Vanjoki is the former director of Nokia's wireless services unit. Vanjoki left the company in September 2010. He was nominated as Nokia's new CEO to replace Olli-Pekka Kallasvuo, but the company chose Canadian Stephen Elop as its director. Vanjoki started at Lappeenranta University of Technology as a professor (Professor of Practice) in the fall of 2013.
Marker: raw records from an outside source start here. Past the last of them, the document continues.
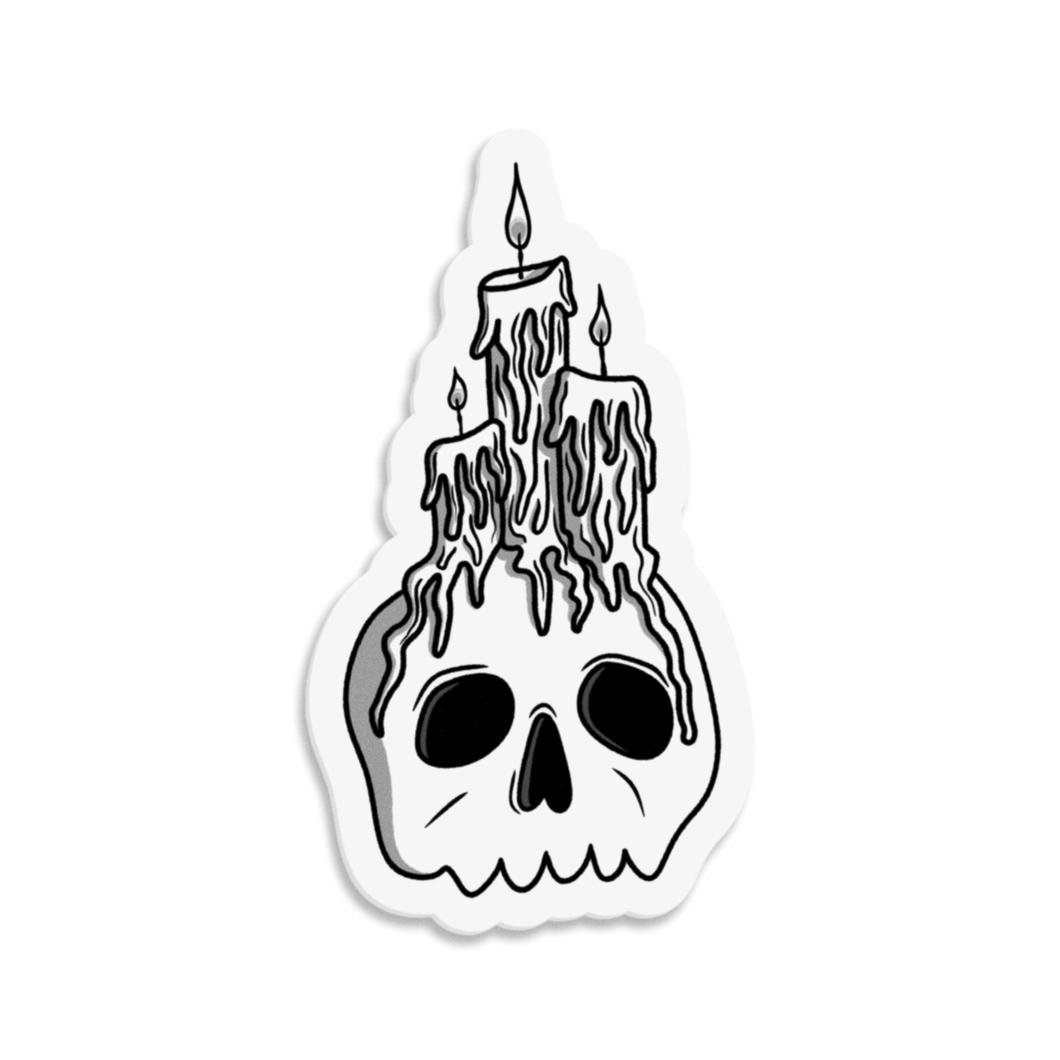 Skull & Candles | 3-inch Waterproof Sticker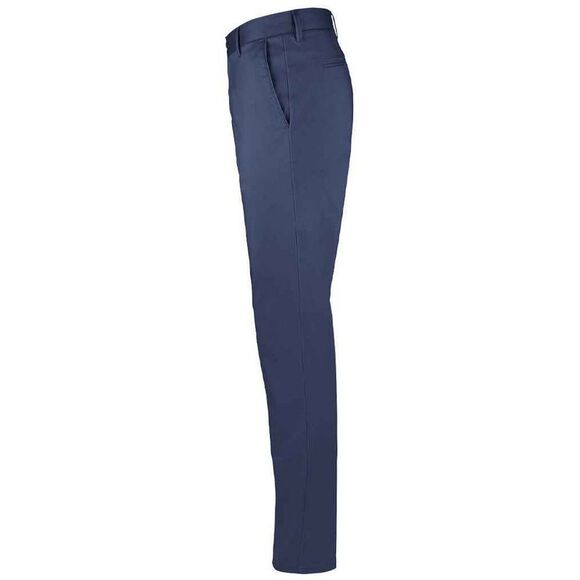 SOLS Mens Jared Stretch Slim Suit Trousers / French Navy - Picture 2 of 3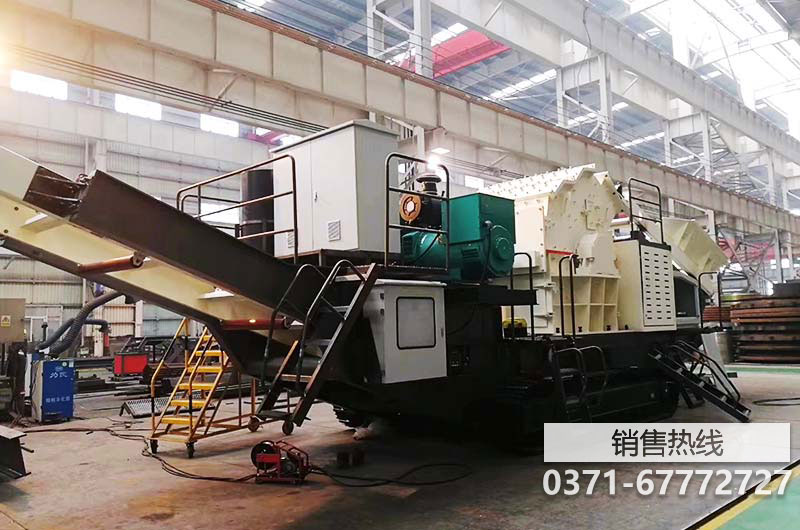 移动式锤式破碎站锤头磨损的4大原因及5大解决方法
After Nokia, at the end of 2010, Vanjoki invested in the earlight company Valkee Oy company. In January 2011, Vanjoki invested in Apple's iPhone Game Book service intended for golf players, and at the same time became a board member of Free Drop Innovations Oy Ltd. Vanjoki considered Nokia's alliance with Microsoft in autumn 2011 unnecessary. In 2012, he gave up Nokia's stock. He considered the transfer of Nokia's phone unit to Microsoft in September 2013 shameful.

== Personal life==
In October 2001, Vanjoki received a fine for speeding, i.e. 690 000 marks (about 116 000 euros). The fine sparked a social debate and, among others, according to the Minister of Justice Johannes Koskinen, "the entire system of fines has to be revised due to the shortcomings written into the law". In February 2002, the Helsinki District Court reduced Vanjoki's fine to 35 000 marks (about 5 900 euros), because according to the salary statements submitted by Nokia, Vanjoki's income had decreased.

Vanjoki is the father of basketball players Anselmi and Viljami Vanjoki.